MAB: Has the need to digitise percolated down to the SME sector?
INM: SMEs have a larger appetite for digitisation because of the quantum of the business they handle, and the number of companies that are similar in nature. Distributors can upload a catalogue on WhatsApp and send it to their customers and that’s it. That’s one way of digitising. The best part is that there are about 50,000 SMEs and you can confidently estimate they are operating across no more than 1,000 verticals. This means you can write one solution for one vertical and then cost effectively deploy it, with 90% similar functionalities, across the rest of that particular vertical. The ability to scale is easier. SMEs have to figure out what needs to be digitised. You cannot digitise manufacturing, but you can digitise order collection or the payroll. You have Abhi and a couple of other payment processing companies. Life has been made very simple because there are now companies that can solve digitisation issues. It is about identifying ways to finding a solution, and SMEs are doing this, especially those involved in imports, exports or distribution. I was part of an SME digitisation initiative by the Government of Sindh and we came across a lot of challenges. We noticed that although cities like Karachi have internet access issues, access is even worse outside Karachi. The moment you are an hour away from Karachi, you don’t even have 4G. So how do you digitise in the absence of internet? There are ways to do it; for example, through the neighbourhood internet shop or the mobile phone charging shop. In interior Sindh, there are a lot of shops with solar panels which offer a charging platform. They charge Rs 10 for your mobile phone while the chai dhaba next door sells you chai.
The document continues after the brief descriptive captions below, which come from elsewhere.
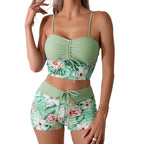 Damen Bikini-Set mit Raffung und edlem Blumendruck R&B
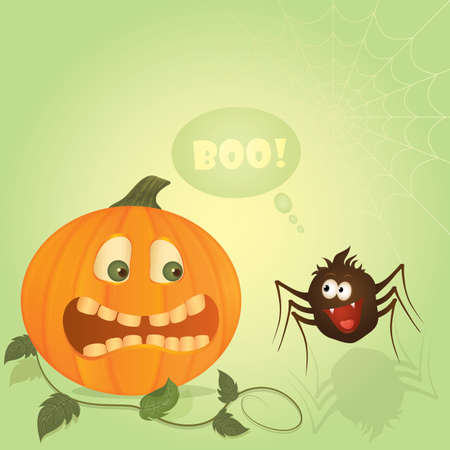Vector illustration for hallowing holiday. Frightened funny pumpkin and cute spiderのイラスト素材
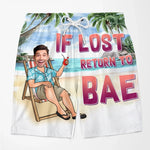 Custom Photo Vacation With Bae - Funny Personalized Custom Tropical Hawaiian Aloha Couple Beach Shorts - Summer Vacation Gift, Birthday Party Gift For Couple, Husband, Wife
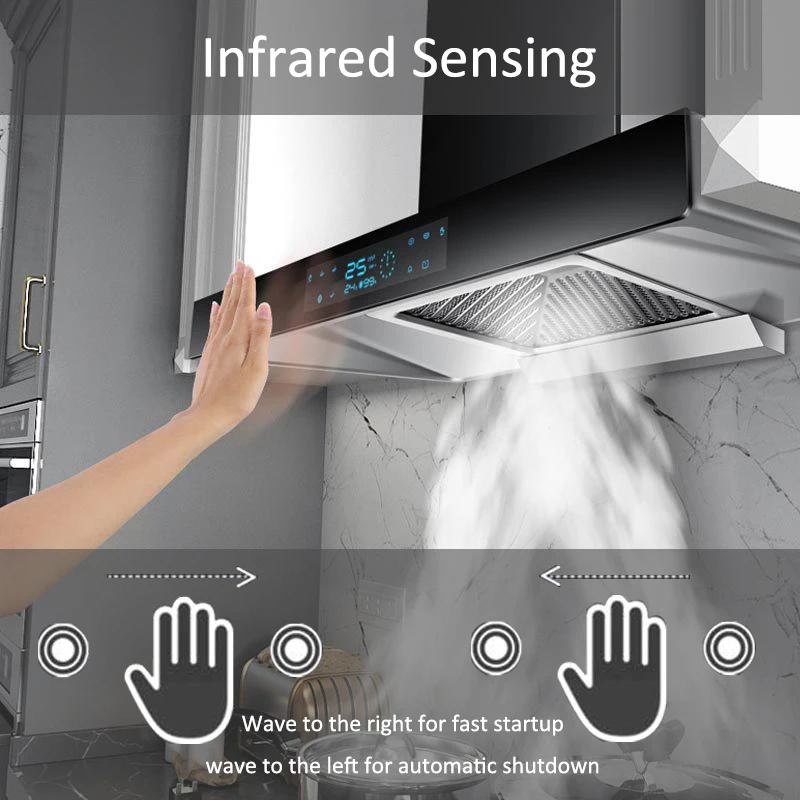 ​ ​ شفاط المطبخ الذكي المطلي على الحائط باللون الأسود الأكثر مبيعًا لعام 2025 - غطاء طباخ مستخرج مقاس 24/36 بوصة مع صوت/للطيفة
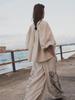 High-End Fashionable Cotton Linen Embroidery Wide-Leg Pants Suit for Women
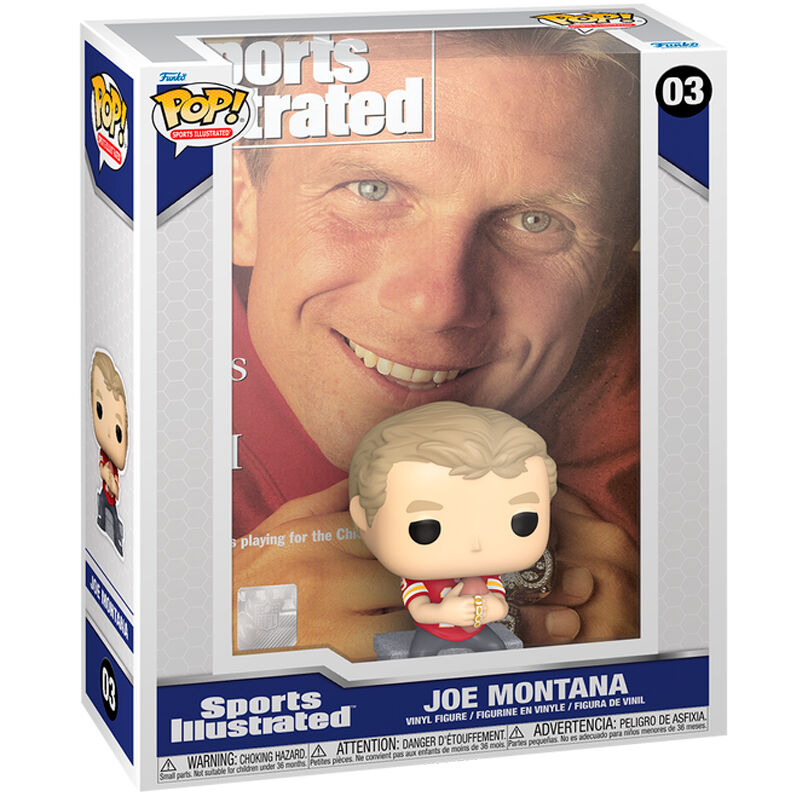 Figura FUNKO POP de Joe Montana frente a portada de Sports Illustrated - 2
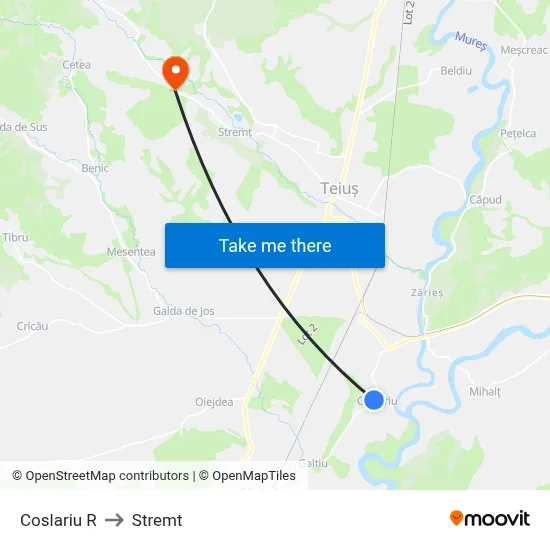 Coslariu R to Stremt map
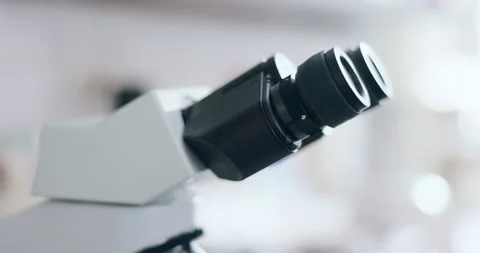 Microscope, equipment and science tools in lab for scientific research, vision Stock Footage 249251553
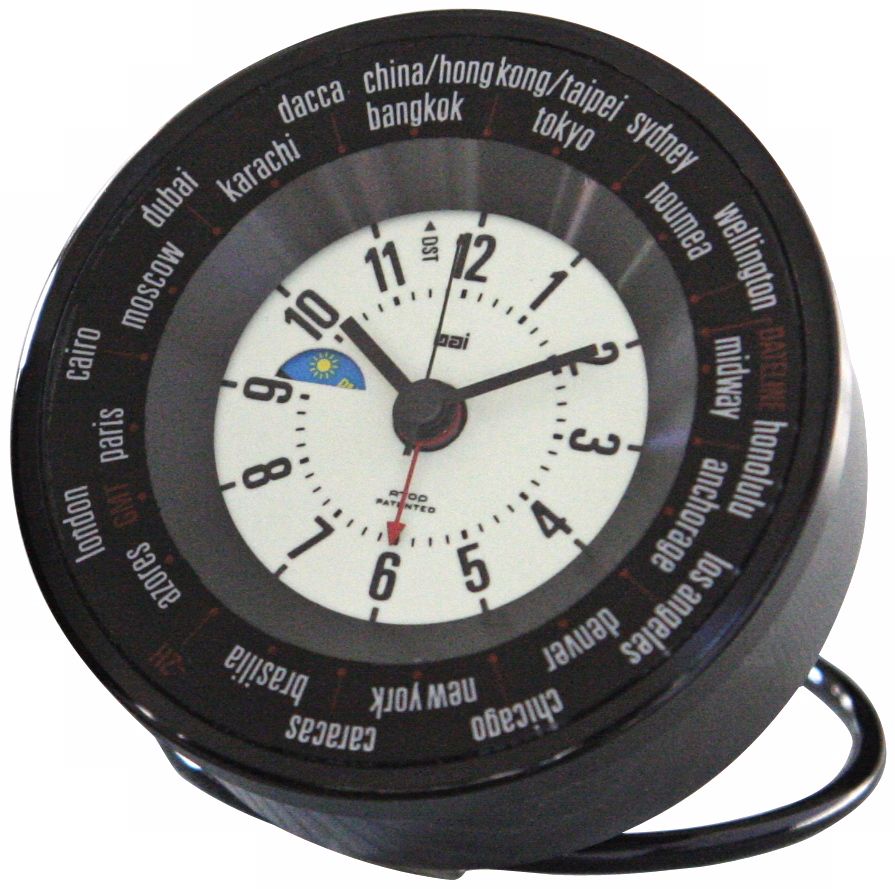 Black White Globe Trotters Self-Set World Time Alarm Clock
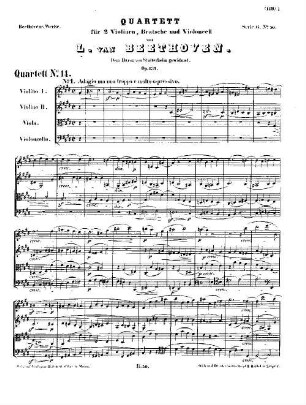Beethoven's Werke, 50 = Serie 6: Quartette für 2 Violinen, Bratsche und Violoncell. Quartett : op. 131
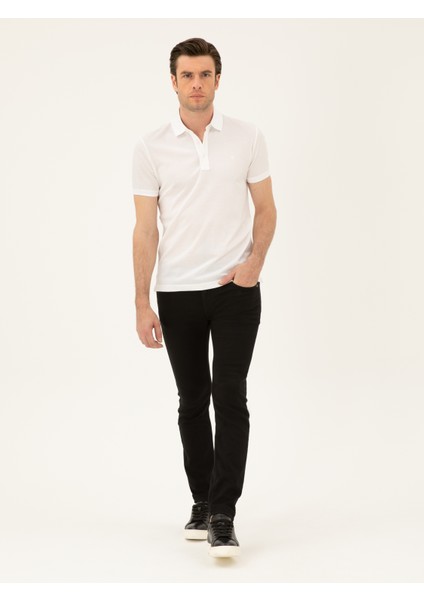 Erkek Beyaz Slim Fit Polo Yaka Merserize T-Shirt 50284769-VR013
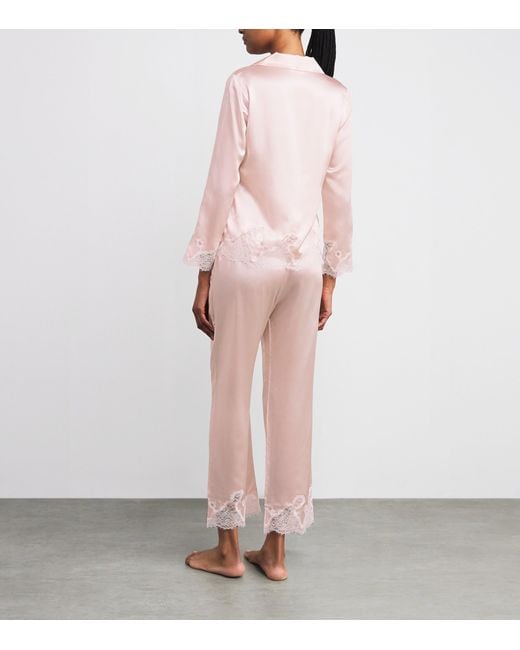 Manitu Pink Silk Lace-Trim Luella Pyjama Set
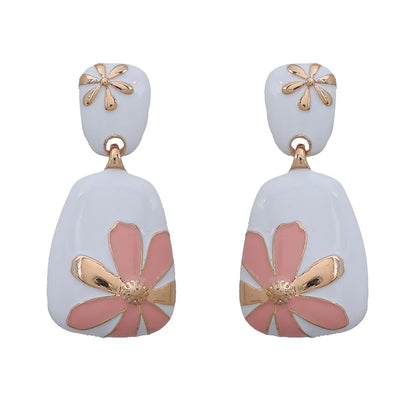 Enamel Flower Metal Dangle Post Earrings For Women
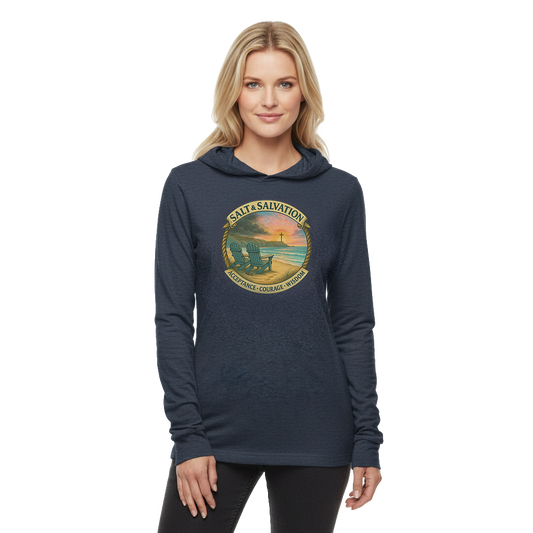 Salt & Salvation – Acceptance, Courage & Wisdom Coastal Long-Sleeve Hooded Tee-KCM Edition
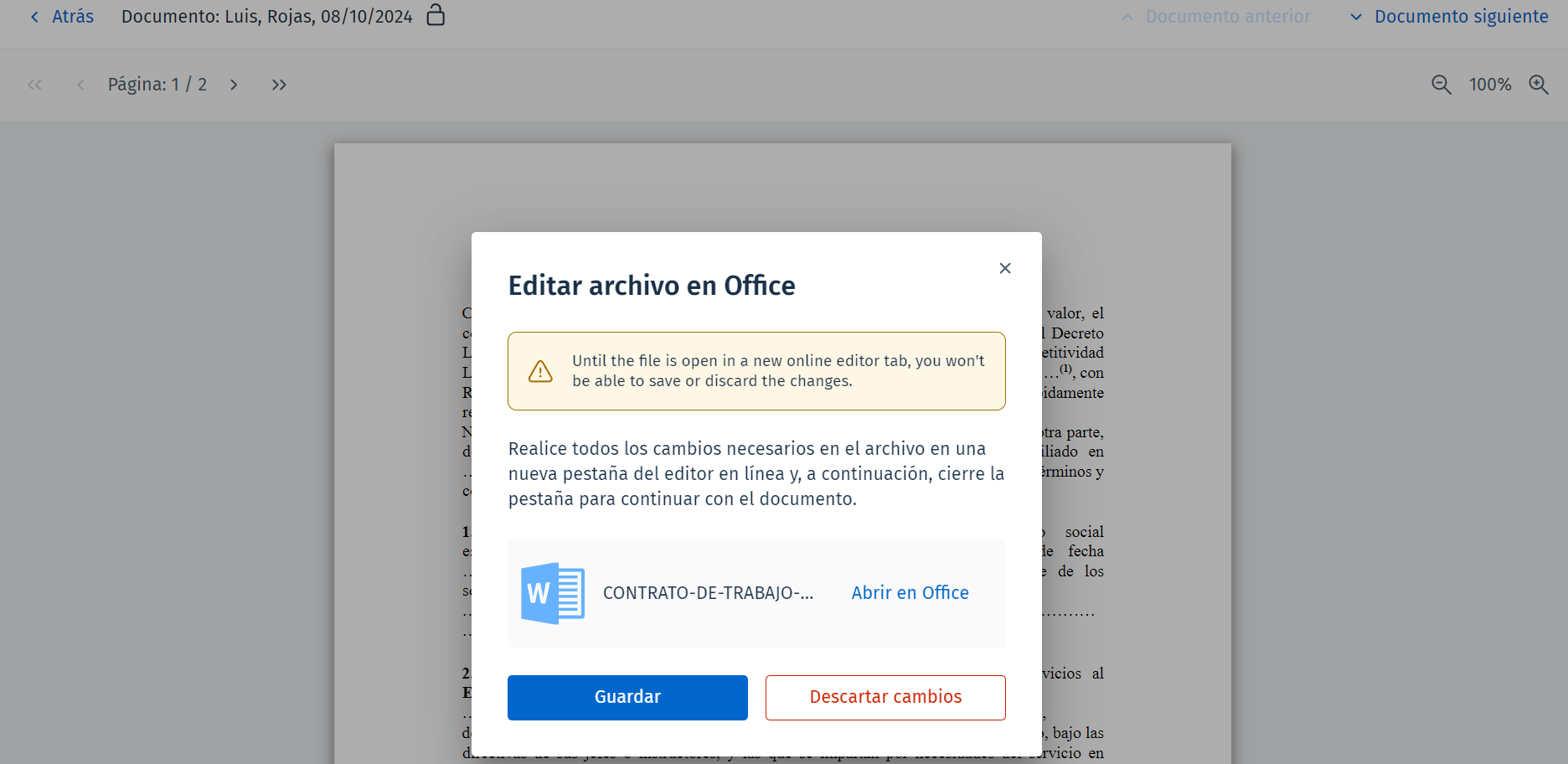 Imagen que muestra el cuadro de diálogo 'Editar archivos en Office'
MAB: Are there any aspects of the economy that have escaped digitisation or are not ready for it?
INM: The government needs to digitise a lot more. It requires a commitment and the will to do something different and solve a problem. Another area that has escaped digitisation is the rural farm market; the farm-to-market route. Some work was done in that area, but those experiments kind of fell flat. When people tried to bypass the standard model of the middleman, it didn’t really fly. I think this needs to be re-looked at. Another area that needs to be reviewed is crop analysis and yield enhancement. Some companies have done some work there and there is a lot of scope and scale in this area. There is a company that does satellite mapping for farms and tells you how poor the yield is in certain areas. With digitisation, you can do a lot more on the same amount of land. Retail in the big urban centres has digitised but we need solutions for tier two and three retailers in those areas and in the non-urban and rural areas as well. They may be small markets, but they do exist as markets, and they have different dynamics.